Throughout my reading life, I have consumed books by Heinlein, Asimov, Bradbury, and Vonnegut. In college, I discovered Margaret Atwood and began to read her entire bibliography. Over time, each of these books has helped to shape my identity.
When the Hulu adaptation of The Handmaid’s Tale was set to premiere, I read this list of dystopian novels recommended by Margaret Atwood herself. Many of them, like Huxley's Brave New World and 1984, I had devoured at a young age. But, one book stood out among the others.
Parable of the Sower by Octavia E. Butler I had heard writer Octavia Butler's name mentioned a few times over the years, mostly in relation to her death in 2006 and that fact that she had no children. Why had I never read her books? Her titles were published as far back as the mid-70s, so why wasn’t she on the sci-fi lists with Bradbury, Heinlein, and Atwood?
At last, I picked up Parable of the Sower and quickly devoured it. Then, just as rapidly consumed its sequel, Parable of the Talents.

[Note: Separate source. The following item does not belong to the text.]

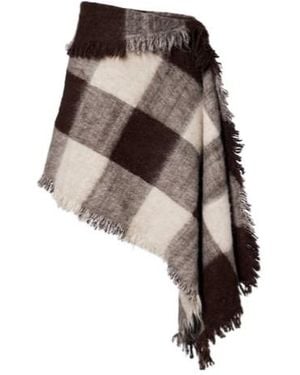 Proenza Schouler Kai Checked Alpaca And Wool-Blend Miniskirt - Brown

While working my way through the books, I learned that award-winning Selma director, Ava DuVernay, is a woman who doesn’t currently have children (but I’m uncertain if she would consider herself a NotMom). She is planning to bring Octavia's Lilith's Brood series to TV, starting with the book, Dawn.

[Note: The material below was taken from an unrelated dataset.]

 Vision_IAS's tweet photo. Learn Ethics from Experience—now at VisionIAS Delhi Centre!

As soon as I was done with Parable of the Talents, I immediately downloaded Dawn to my device. I read it as fast as a starving person wolfs down a meal, and am now munching through its sequel.

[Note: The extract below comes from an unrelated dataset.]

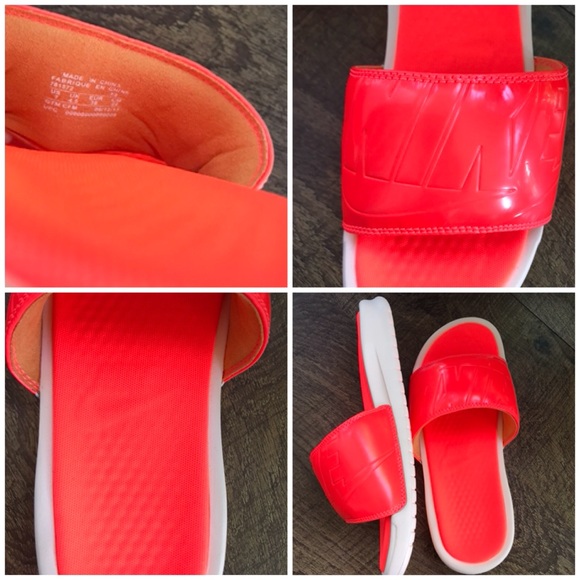 NWT Nike Benassi JDI Ultra SE Racer Orange 🍊 WMNS - Picture 6 of 7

What I am left wondering is, “Why now?” Why weren’t Octavia's books required reading for sci-fi and speculative fiction fans like myself? Why didn’t my friends recommend her books to me like they did A Stranger in a Strange Land or Slaughterhouse 5?
Why didn’t I hear the name, "Octavia Butler", until I was an adult?
What I know now is that Octavia E. Butler brings social, racial, and economic concerns to life with her fiction much like Margaret Atwood writes about women’s issues and environmental disaster. Parable of the Sower, published in 1993, eerily predicts the rise of a politician who will “make America great again” in the 2020s. It creates a world where poverty is rampant and the protagonist, Lauren, has the resolve to change not only her own circumstances, but those of the entire world and beyond.
Was it my upbringing in a predominantly white suburb of Detroit the reason that Ms. Butler and her black, female protagonists weren’t part of my world growing up? If had even lived just 10 or 15 miles closer to the city, would I have been introduced to her fiction as a teenager?
I don’t want to believe that even in the 80s and 90s this was a reality in our country, but sadly, it was.
And not only was it real then, it’s real now. The economic divide, rise of powerful religious zealots, and rampant racism that Ms. Butler wrote about in Parable of the Sower feels frightening real today, in a way very similar to the uncomfortable feeling of reading The Handmaids Tale knowing that women’s rights are still under fire.
Even if this is the first time you've heard Octavia E. Butler’s name, you know it now. Her legacy is strong, even if it’s quiet, so don’t let her down.
Read Octavia's books. Recommend her books. Let’s keep this NotMom’s work alive because what is remembered lives.